## What you need to do
The copy you give must match the records exactly, except that it holds no images.

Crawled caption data

┌──

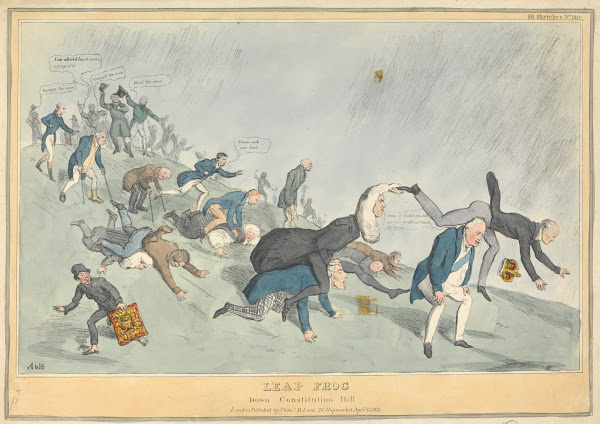 Leap Frog Down Constitution Hill 1831
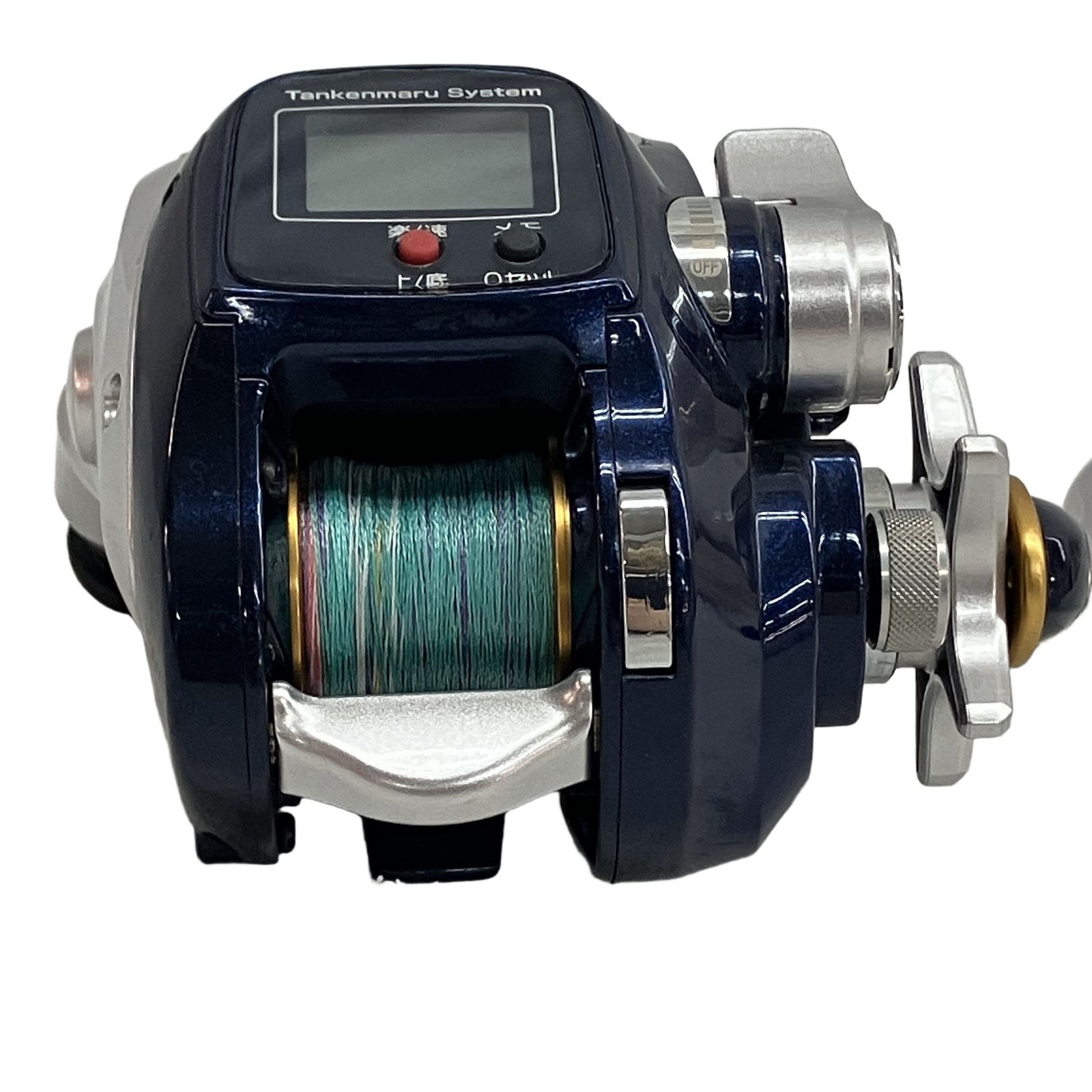 じ*ん様 【中古】SHIMANO TankenmaruSystem 電動リール SHIMANO tankenmaru system 400C 電動リール シマノ 釣具 中古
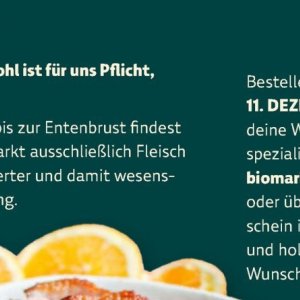 Fleisch bei BioMarkt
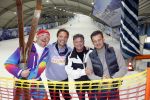 Zoetermeer 6 maart 2026
Bas Smit tijdens de opnames voor een promovideo in SnowWorld. De BN'er kondigde samen met Wolter Kroes Toni Tiefschnee en Wilfred Genee een nieuw evenement aan in de Brabanthallen met de naam Apres ski reunie .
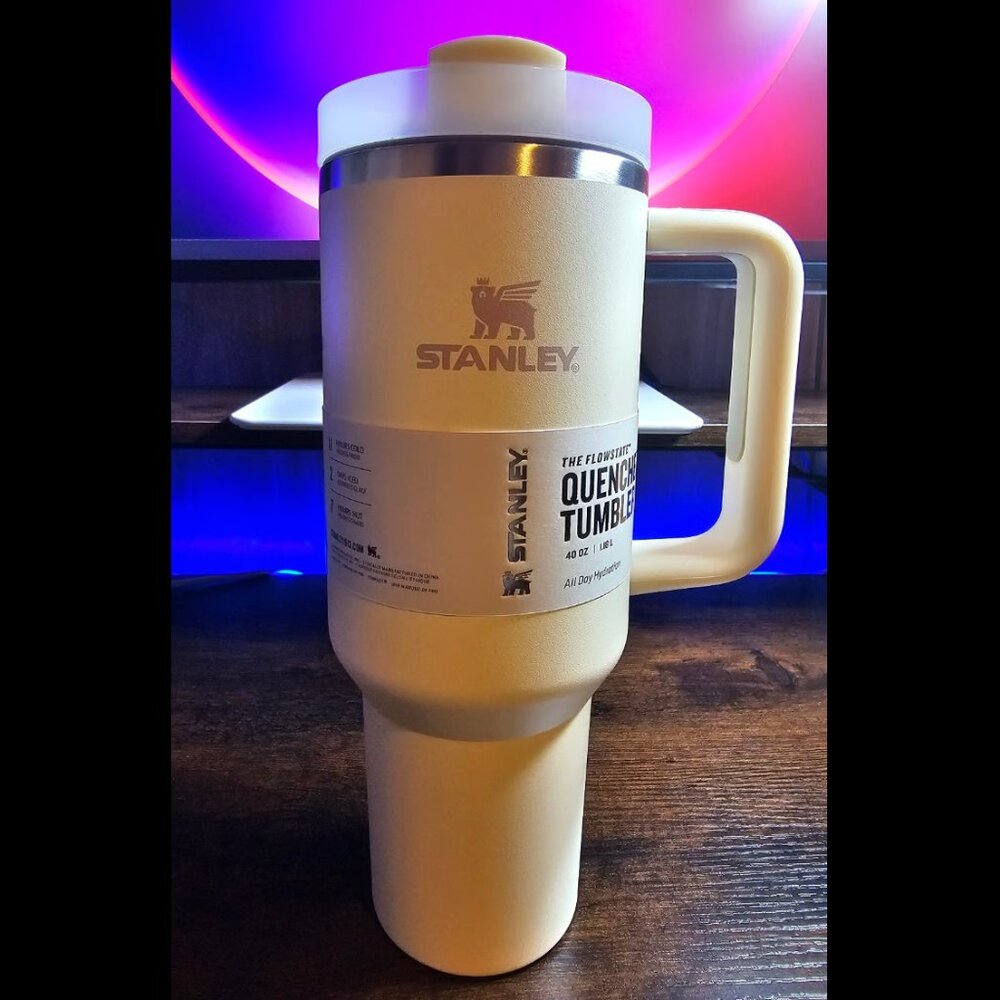 Stanley 40oz cream color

└──

## Answer space
 Leap Frog Down Constitution Hill 1831
 じ*ん様 【中古】SHIMANO TankenmaruSystem 電動リール SHIMANO tankenmaru system 400C 電動リール シマノ 釣具 中古
 Fleisch bei BioMarkt
 Zoetermeer 6 maart 2026
Bas Smit tijdens de opnames voor een promovideo in SnowWorld. De BN'er kondigde samen met Wolter Kroes Toni Tiefschnee en Wilfred Genee een nieuw evenement aan in de Brabanthallen met de naam Apres ski reunie .
 Stanley 40oz cream color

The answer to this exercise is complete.